TASK DETAILS: The lines from the top of the records below through the one containing "beet salad with" are to be transcribed exactly, and nothing else is to be added.

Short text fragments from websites

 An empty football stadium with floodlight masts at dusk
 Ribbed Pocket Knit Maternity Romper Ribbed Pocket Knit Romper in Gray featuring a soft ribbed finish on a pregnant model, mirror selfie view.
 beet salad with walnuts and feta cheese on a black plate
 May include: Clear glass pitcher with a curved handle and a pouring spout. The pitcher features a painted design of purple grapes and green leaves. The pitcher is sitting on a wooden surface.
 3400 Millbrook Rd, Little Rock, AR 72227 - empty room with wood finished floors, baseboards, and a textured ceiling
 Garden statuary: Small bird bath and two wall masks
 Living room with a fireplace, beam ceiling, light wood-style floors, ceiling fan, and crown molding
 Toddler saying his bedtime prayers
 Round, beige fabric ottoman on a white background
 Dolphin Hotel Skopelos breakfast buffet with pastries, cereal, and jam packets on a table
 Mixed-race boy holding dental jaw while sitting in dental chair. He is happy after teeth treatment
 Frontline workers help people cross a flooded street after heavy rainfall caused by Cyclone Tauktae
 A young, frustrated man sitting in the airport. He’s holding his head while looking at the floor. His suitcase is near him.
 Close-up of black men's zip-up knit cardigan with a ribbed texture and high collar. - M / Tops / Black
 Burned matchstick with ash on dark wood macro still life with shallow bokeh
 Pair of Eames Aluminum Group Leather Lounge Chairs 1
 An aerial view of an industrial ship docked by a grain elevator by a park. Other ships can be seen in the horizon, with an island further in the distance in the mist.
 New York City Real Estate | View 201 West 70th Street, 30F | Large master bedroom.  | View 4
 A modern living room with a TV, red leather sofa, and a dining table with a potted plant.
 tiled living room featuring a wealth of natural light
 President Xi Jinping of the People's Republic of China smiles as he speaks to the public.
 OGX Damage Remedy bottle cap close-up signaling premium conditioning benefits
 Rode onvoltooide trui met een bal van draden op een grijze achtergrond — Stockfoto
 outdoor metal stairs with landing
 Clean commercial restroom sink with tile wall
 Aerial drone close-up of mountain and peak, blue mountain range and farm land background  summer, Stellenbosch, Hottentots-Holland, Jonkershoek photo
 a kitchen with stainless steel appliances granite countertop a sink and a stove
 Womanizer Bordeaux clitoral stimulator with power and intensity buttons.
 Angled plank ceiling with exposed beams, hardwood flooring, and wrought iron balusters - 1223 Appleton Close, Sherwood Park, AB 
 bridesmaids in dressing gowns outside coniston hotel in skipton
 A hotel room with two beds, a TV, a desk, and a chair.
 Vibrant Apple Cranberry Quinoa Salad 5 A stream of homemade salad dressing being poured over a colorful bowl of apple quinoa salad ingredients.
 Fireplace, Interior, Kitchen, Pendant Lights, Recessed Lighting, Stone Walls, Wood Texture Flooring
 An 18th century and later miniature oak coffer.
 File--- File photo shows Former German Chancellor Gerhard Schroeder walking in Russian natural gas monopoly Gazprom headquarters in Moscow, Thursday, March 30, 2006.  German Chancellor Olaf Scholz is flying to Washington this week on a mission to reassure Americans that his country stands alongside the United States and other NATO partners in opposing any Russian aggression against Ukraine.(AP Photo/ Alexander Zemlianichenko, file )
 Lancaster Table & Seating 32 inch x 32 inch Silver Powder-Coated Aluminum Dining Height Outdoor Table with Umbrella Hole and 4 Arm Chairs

YOUR RESPONSE:
 An empty football stadium with floodlight masts at dusk
 Ribbed Pocket Knit Maternity Romper Ribbed Pocket Knit Romper in Gray featuring a soft ribbed finish on a pregnant model, mirror selfie view.
 beet salad with walnuts and feta cheese on a black plate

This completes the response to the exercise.